If you're shooting at 240FPS, both devices will automatically limit their resolution to 720 x 1280 pixels, which isn't crazy high in today's world, but still sufficiently detailed for most use-case scenarios. And if you're ready to sacrifice on frame rate, with the iPhone 6s you can go down to 120FPS, but 1080 x 1920 pixels, for a lesser slow motion effect, but higher resolution. You can't do that on the Galaxy S7.

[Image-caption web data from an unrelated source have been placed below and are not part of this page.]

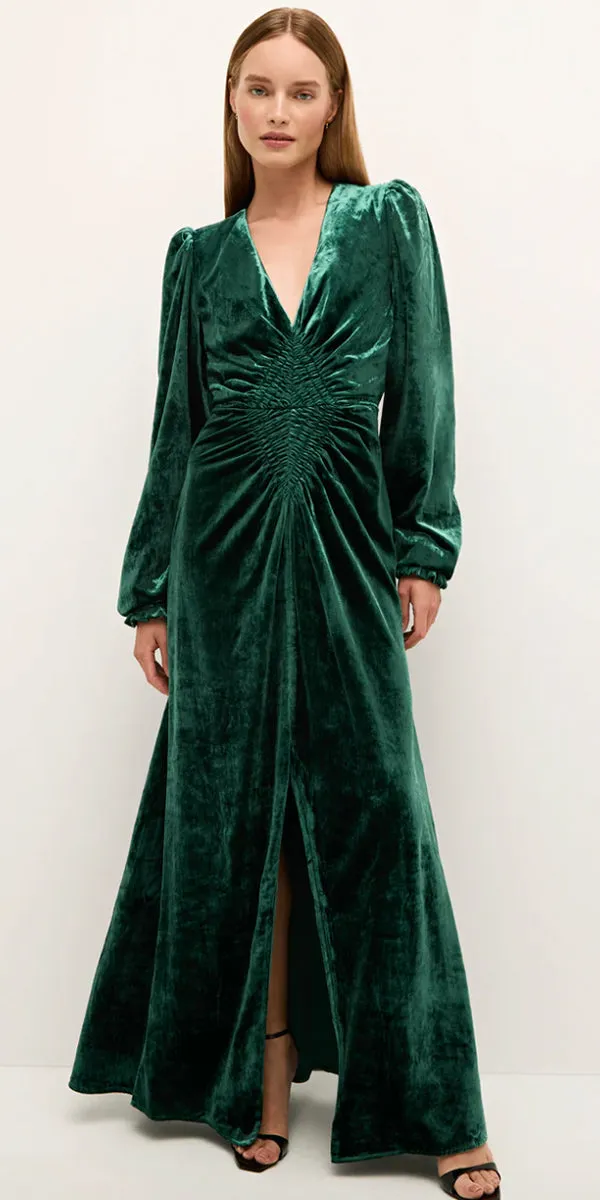 Marie Oliver Elsabeth Dress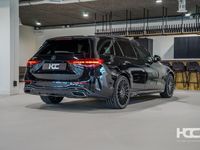 tweedehands Mercedes C300e AMG | Pano | Massage | Night | 19''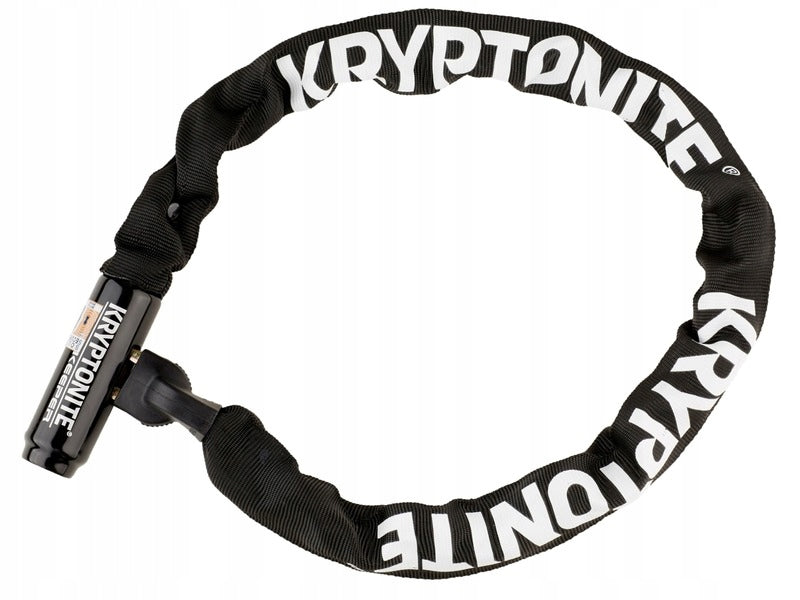 Clasp Kryptonite Keeper 785 chain black Manufacturer code 000853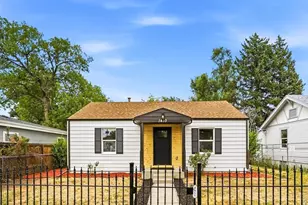 1410 Chase St, Lakewood, CO 80214 - Photo 1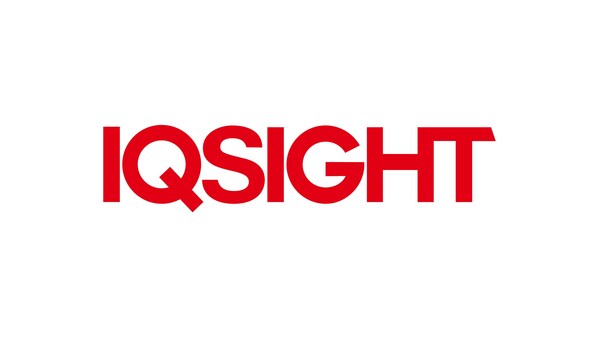 隆重推出IQSIGHT：全新情报优先型视频安防品牌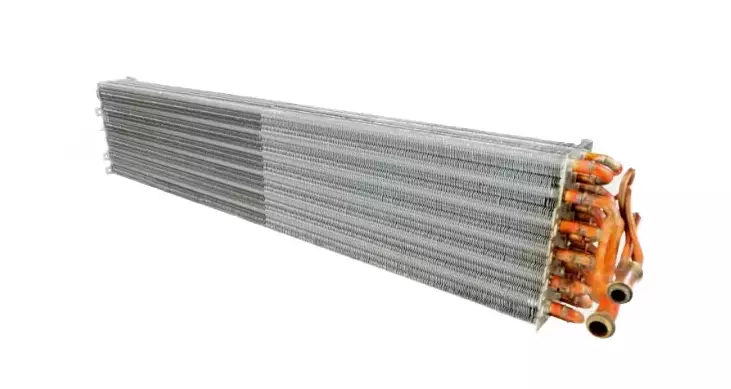 Haihdutin sopii John Deere - Moottori - svm0000010146 - 1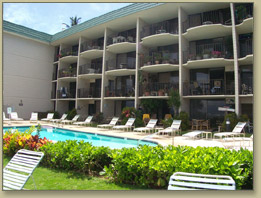 Oceanfront Maui Condos For Rent 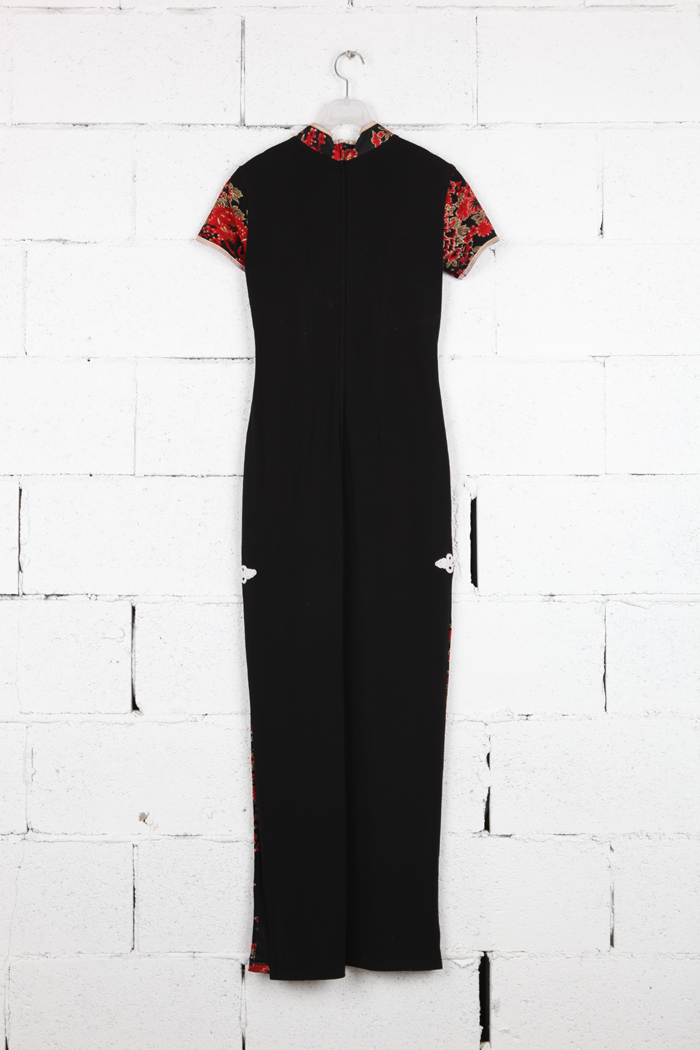 4488.중국(치파오)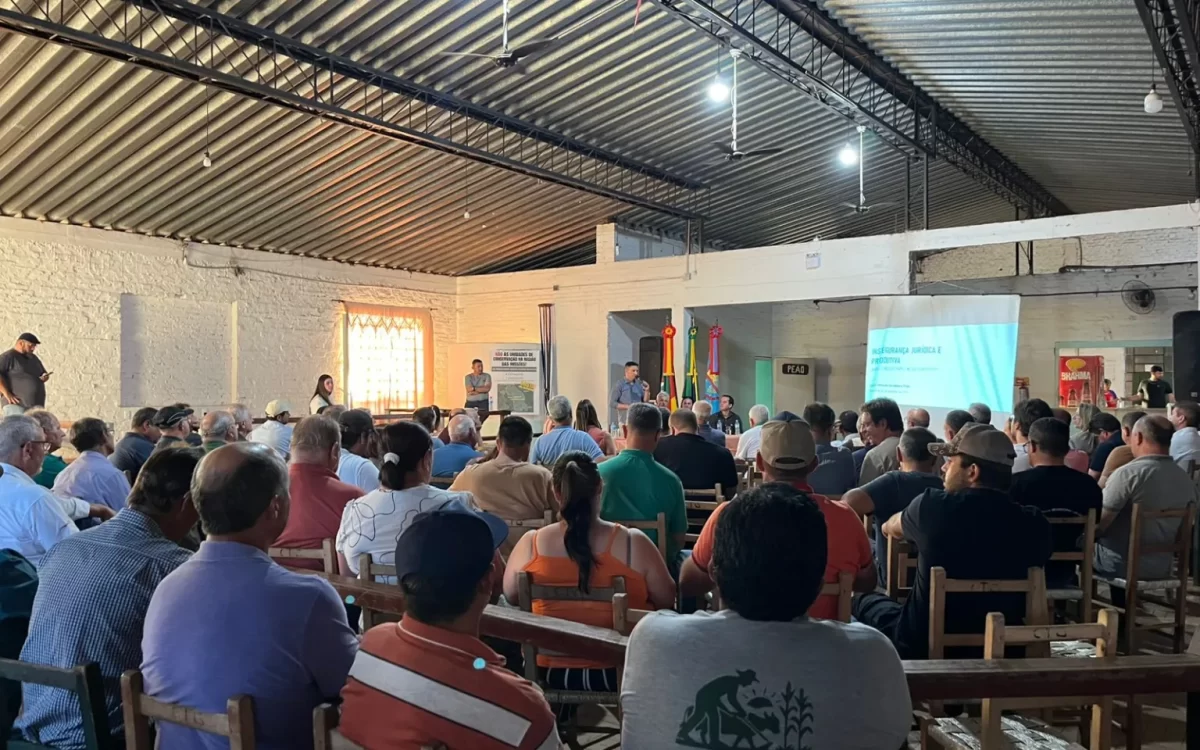 ICMBio nega criação de áreas de conservação no Pampa e diz que não há proposta para a região das Missões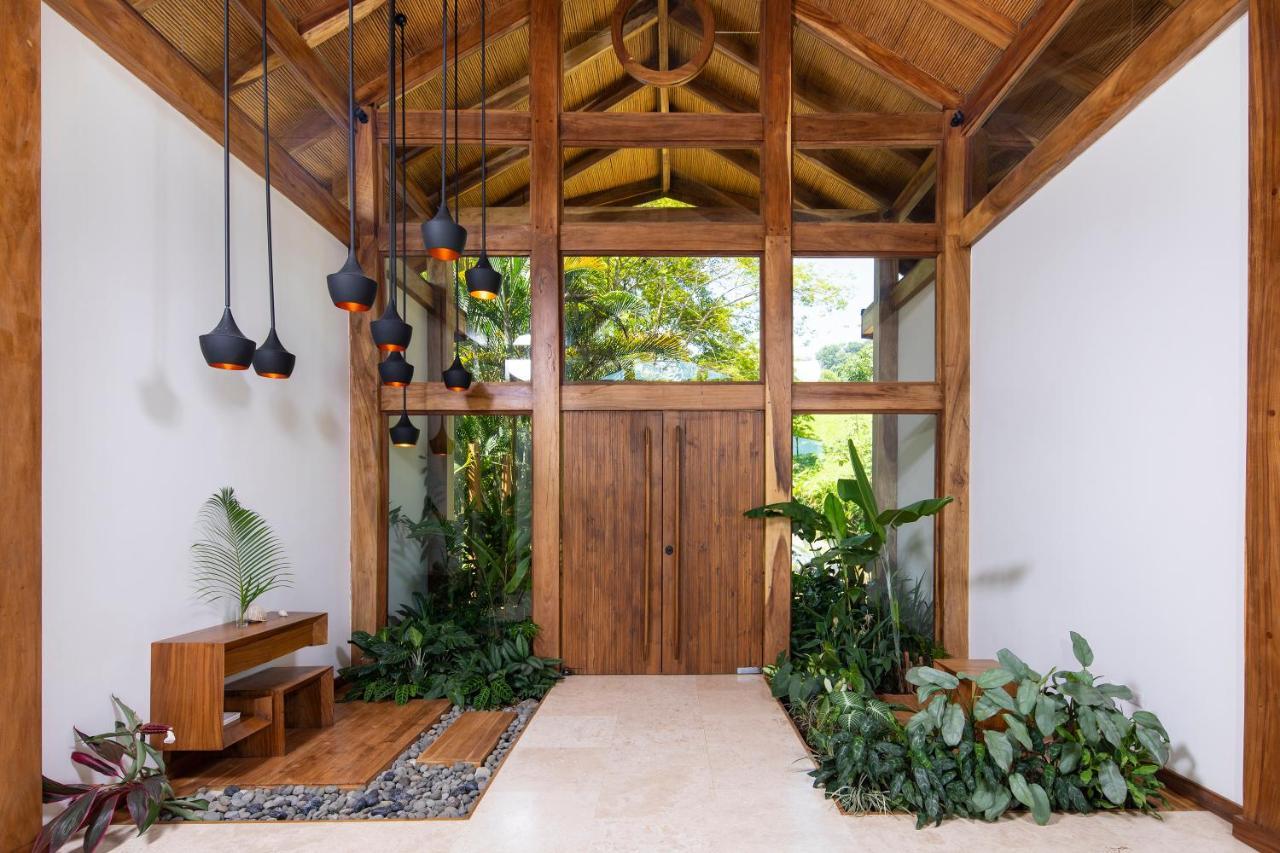 Spacious & Cozy Melody Villa Playa Santa Teresa (Puntarenas)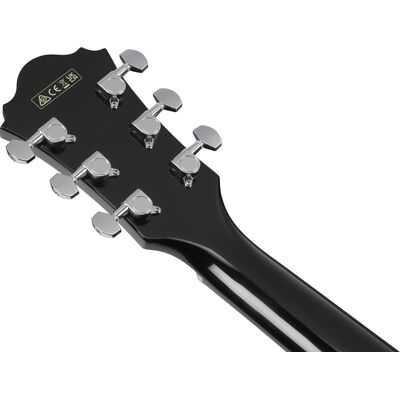 Ibanez AE170-TBK elektro-akusztikus gitár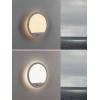 Paulmann 94706 Lamina PIR 2200K rd. weiß LED stropní svítidlo 14 W bílá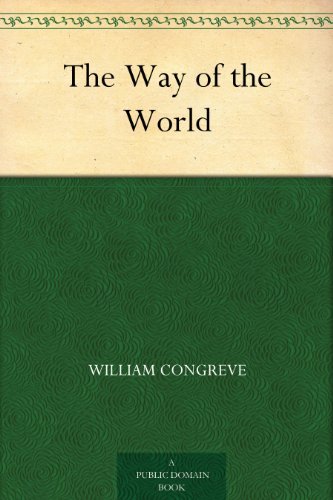 The Way of the World (如此世道) (免费公版书) (English Edition)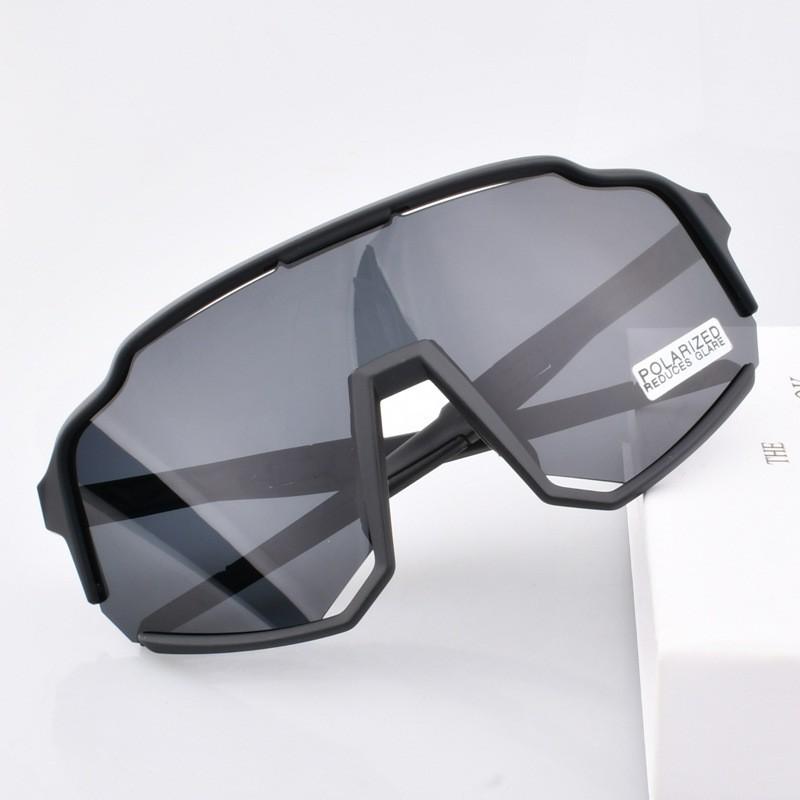 Bicycle goggles, fashionable outdoor sports goggles, windproof, unisex for men and women, suitable for cycling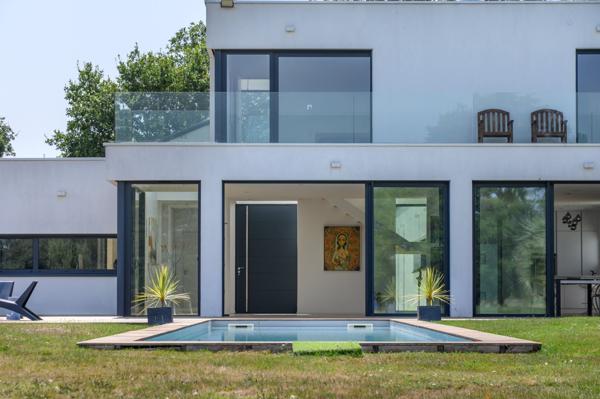 Vente Maison de luxe La Baule-Escoublac 8 Pièces 240 m²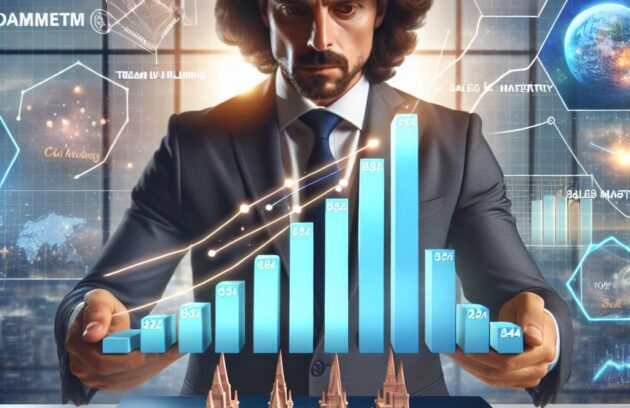 SanteMorrNetwork Marketing’de Hedef Odaklı Büyümenin Gücünü Keşfedin: Dr. Numan ÇABUK’un SanteMorr Modeliyle Stratejik Takım Kurma ve Satışta Ustalık Yöntemleri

Before we get judgy, here's a mash-up of slow-mo clips we shot for the occasion:
Alright, so time to get technical and a little more analytical. First off, it's worth pointing out that both devices play back slow motion clips at 30 frames per second, and clips have a comparable bit rate at close to 9,000kbps. On the audio side of things, however, the iPhone 6s has the edge, with a 187kbps/44KHz audio, while the Galaxy S7 retains less information (127kbps), but samples at 48KHz. On paper, that means better audio coming out of the iPhone 6s, and in this case, we like what we hear better as well (especially noticeable during the Jenga tower segment).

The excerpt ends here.